We first tested all hub genes against the gnomAD database and observed significant enrichment across upper LOEUF deciles and significant depletion of lower LOEUF deciles (Fig. 6b). When we examined the hub genes of each module independently, we identified seven modules whose hub genes were enriched across the two upper LOEUF deciles. These included all of the modules identified above (Fig. 5c), with the exception of the light green module. Of these seven, the dark turquoise, dark red, and black modules were enriched across the top four deciles and had the highest fold enrichments over background permutations. When we combined these enrichments with the previously described annotation analyses and gene ontology enrichments performed, we found the black module was singularly enriched for all these metrics.

Specifically, the black module was significantly enriched for genes linked to craniofacial diseases, genes involved in embryonic morphogenesis, CF Gini genes, genes targeted by CFSEs, genes constrained in healthy humans, and genes which are differentially expressed across the CF developmental trajectory. We identified a number of driver genes within the black module that are well-known to the CF development field, including DLX5, DLX6, EYA1, MSX1, PRRX2, MSX1, and TWIST1. Given this enrichment of known disease genes, we wondered whether other genes in this module might be strong disease candidates. Two of the most prominent such genes in the black module were MAB21L1 and EBF3 (Fig. 6c). These genes shared features of known CF disease genes in the black modules, but were more highly connected, targeted by highest numbers of CFSEs, specifically expressed in CF tissues, but not widely known to play roles in CF development or disease based on annotations in OMIM and DisGeNET. When we inspected the literature, we found that MAB21L1 has recently been identified to be responsible for an ultra-rare disorder which notably involves ocular anomalies, facial dysmorphism, and microcephaly108. Mab21l1 KO mice have ocular anomalies and lack of closure of the anterior fontanel109. Homozygous Ebf3 mutant mice die perinatally but do not have overt CF defects110. Heterozygous Ebf3 mutant mice have defects in olfactory neuron projection consistent with reported patterns of Ebf3 expression being strongest in the olfactory epithelium111,112. Only a small number of human patients have been identified with rare de novo variants in EBF3 but these patients consistently displayed intellectual disability, ataxia, and facial dysmorphologies113,114,115,116,117,118.

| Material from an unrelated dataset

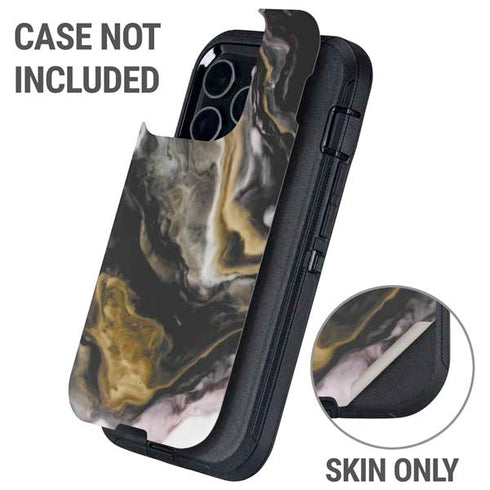 Gold Blush Marble Ink Otterbox Defender iPhone Skin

We also find that an ortholog of EBF3, EBF2, is highly coexpressed (Fig. 6c) consistent with previous studies showing these genes overlap in expression and function119,120 suggesting that this gene family may play an unappreciated role in human CF development. When we inspected the potential regulatory landscape of EBF3 based on HiC121 in the same CNCC system used for gene expression in this study, we observed a topologically associating domain (TAD) that extended from nearly 1.5 Mb from the EBF3 promoter region (Fig. 6d). This TAD is the same window we identified above as enriched for CFSE segments and harbored two distinct loci linked to risk for orofacial clefting122,123. These two loci (rs1329189 and rs7922405) were previously labeled as being associated with MKI67 and MGMT, respectively, based solely on proximity. However, MKI67 has been used frequently as a marker of proliferating cells and MGMT is broadly expressed across human tissues with a Gini index of 0.23, very similar to SOD1 in our above analysis. Thus, we nominate EBF3 as the risk gene for orofacial clefting associated with these two loci.

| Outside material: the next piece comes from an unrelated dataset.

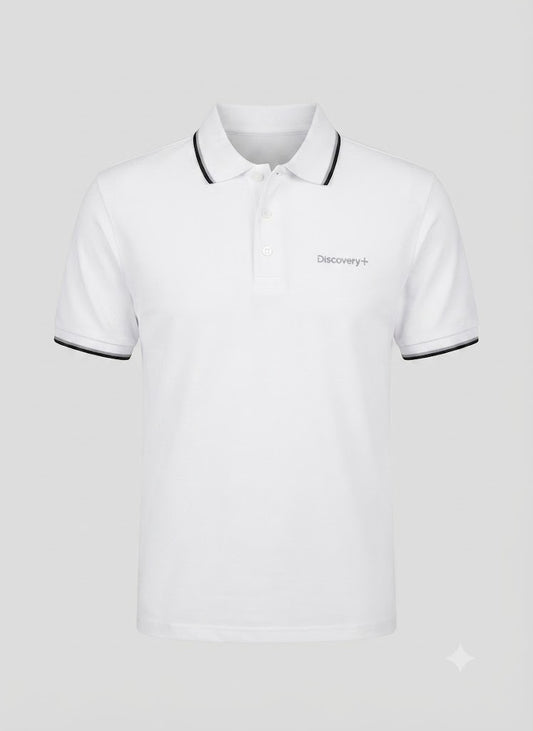 Camisa Tipo Polo Marca Discovery  Blanco NK06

Haploinsufficiency of EBF3 was reported by multiple groups to cause hypotonia, ataxia, and delayed development syndrome, but orofacial clefting was not reported as a consistent feature109,110,111,112,113,114. A search of the exome sequencing clinical database at Baylor Genetics revealed 15 individuals whose phenotypes are likely to be explained by deleterious variants in EBF3. Three of these individuals had a cleft palate. The first individual was a previously published 13-year-old female with a submucosal cleft palate and a short uvula113. She carried a de novo likely pathogenic c.512 G > A, p.(G171D) [NM_001005463.3] variant in EBF3. The second was a six-year-old male with a cleft soft palate who carries a pathogenic de novo c.487 C > T, p.(R163W) [NM_001005463.3] variant in EBF3. He was born prematurely and had intrauterine growth restriction. Polyhydramnios was noted during pregnancy. His other phenotypes include delayed speech and language development, delayed motor milestones, hypotonia, flexion contracture, a positive Gower sign, strabismus, nasolacrimal duct obstruction, atrial septal defect, patent foramen ovale, obstructive sleep apnea, laryngomalacia, and macrocephaly. The third was a 5-year-old female with a cleft palate who carries a de novo likely pathogenic c.661 G > A, p.(V221M) [NM_001005463.3] variant in EBF3. She was also noted to have delayed speech, intellectual disability, hypotonia, epicanthal folds, micrognathia, camptodactyly, and hyperextensibility.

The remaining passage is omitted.